On 6/21/2012 6:35 AM, Camm Maguire wrote:
> Greetings!
>
> 1) The comments indicate that modulus is nil or positive.  Is it always
> an integer?
All uses of modular arithmetic in the existing code assume that the 
modulus is
a prime positive integer.  The system refuses to allow  modulus:2.5;   
it also
gives a warning for modulus:20,  a non-prime.  It goes into an infinite 
loop for modulus:-45.  (a bug...)

> 2) The comments indicate that if modulus is non-nil, the arguments to
> ctimes (et.al. ?) are numberp and less than modulus.
proper elements should be less than  modulus/2  in abs val.  except if 
modulus = 2, then the
two proper elements are 0,1.
e.g. modulo 5, the numbers are -2,-1,0,1,2.
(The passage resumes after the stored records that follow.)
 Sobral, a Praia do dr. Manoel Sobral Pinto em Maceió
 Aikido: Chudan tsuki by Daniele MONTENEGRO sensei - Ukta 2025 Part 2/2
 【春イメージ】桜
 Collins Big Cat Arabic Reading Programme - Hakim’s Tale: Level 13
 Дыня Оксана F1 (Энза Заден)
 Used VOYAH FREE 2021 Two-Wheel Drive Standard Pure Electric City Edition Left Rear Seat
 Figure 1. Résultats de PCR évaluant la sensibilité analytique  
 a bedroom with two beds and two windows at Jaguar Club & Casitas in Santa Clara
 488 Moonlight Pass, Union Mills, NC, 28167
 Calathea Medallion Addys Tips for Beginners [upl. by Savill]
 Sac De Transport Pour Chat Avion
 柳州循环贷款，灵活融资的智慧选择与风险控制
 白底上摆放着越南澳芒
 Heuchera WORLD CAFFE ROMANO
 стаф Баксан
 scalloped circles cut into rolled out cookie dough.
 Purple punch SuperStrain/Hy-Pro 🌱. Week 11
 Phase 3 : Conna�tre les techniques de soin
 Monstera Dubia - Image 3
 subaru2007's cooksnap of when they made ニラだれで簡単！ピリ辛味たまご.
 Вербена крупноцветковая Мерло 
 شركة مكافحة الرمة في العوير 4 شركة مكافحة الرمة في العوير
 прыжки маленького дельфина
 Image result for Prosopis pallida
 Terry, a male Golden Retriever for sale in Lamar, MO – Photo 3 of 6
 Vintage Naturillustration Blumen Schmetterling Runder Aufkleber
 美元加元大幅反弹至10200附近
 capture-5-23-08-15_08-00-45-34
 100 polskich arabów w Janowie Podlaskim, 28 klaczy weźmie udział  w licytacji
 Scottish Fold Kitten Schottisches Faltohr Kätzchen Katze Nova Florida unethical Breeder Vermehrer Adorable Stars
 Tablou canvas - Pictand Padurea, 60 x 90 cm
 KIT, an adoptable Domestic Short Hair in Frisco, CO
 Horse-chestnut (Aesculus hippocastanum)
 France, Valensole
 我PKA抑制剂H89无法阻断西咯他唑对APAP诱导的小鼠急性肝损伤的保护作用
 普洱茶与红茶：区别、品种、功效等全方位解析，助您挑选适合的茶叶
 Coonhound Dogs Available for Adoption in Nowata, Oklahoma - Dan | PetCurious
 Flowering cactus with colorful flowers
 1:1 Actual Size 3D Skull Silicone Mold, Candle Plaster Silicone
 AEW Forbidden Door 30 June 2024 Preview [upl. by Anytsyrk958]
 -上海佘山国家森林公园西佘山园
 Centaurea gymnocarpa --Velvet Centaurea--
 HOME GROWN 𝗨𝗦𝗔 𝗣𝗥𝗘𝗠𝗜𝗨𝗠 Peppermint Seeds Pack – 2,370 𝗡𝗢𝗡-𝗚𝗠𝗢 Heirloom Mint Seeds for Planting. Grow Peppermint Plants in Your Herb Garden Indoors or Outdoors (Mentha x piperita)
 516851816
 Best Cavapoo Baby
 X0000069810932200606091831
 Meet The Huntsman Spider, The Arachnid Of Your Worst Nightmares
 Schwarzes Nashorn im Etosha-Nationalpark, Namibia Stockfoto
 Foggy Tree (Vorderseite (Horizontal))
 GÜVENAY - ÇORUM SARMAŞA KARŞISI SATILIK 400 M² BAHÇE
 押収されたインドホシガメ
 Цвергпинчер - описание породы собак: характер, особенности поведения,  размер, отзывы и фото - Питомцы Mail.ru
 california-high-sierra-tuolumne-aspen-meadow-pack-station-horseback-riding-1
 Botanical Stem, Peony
If ctimes is given numbers outside that range the result should be in 
that range.

>   Are they in fact
> integers?

They are integers.  It is somewhat unlikely that someone comes up with a 
meaningful
interpretation of non-integer here, that makes good use of the rest of 
the mechanisms.
>   Are they bounded from below?
the result is bounded from below by half the modulus.
> 3) GCL has a C implementation of ctimes which balances modular
> arithmetic between -modulus/2 and modulus/2.  The generic lisp version
> seems only to implement the upper bound.
That then is a mistake.
>   Is there a reason for this?
Probably it is an error if SBCL does not use a balanced representation..
> Is the modular balancing necessary?
It is possible to use any sequential set of numbers, e.g.   0,1,2,3,4   
instead of -2,-1,0,1,2  for
modulus=5, and build a system around that choice.  The balanced choice 
has a few conveniences
such as some calculations over the integers mod <some huge prime>  look 
exactly like the
calculations over the integers.

> 4) Why is bctimes/rem used in cbexpt instead of ctimes/mod?

  bctimes is faster because it doesn't need to check to see if modulus = 
nil .  It is called repeatedly
from within the expt program.


If there is an interest in making these programs run fast, it may be 
worthwhile to separate
out the case of
modulus <=  2*(most-positive-fixnum)

where the arithmetic can be done in registers etc.

This is in fact the most common case and is presumably slowed down by 
the prospect of
ever encountering a bignum modulus.

See  the code in the reciprocal  in rat3a, as an example.  But if you 
want to code other stuff in C
as was done by Bill Schelter for GCL, that would make some things 
faster. Whether one would
notice it depends on how much rational polynomial arithmetic was being used.

RJF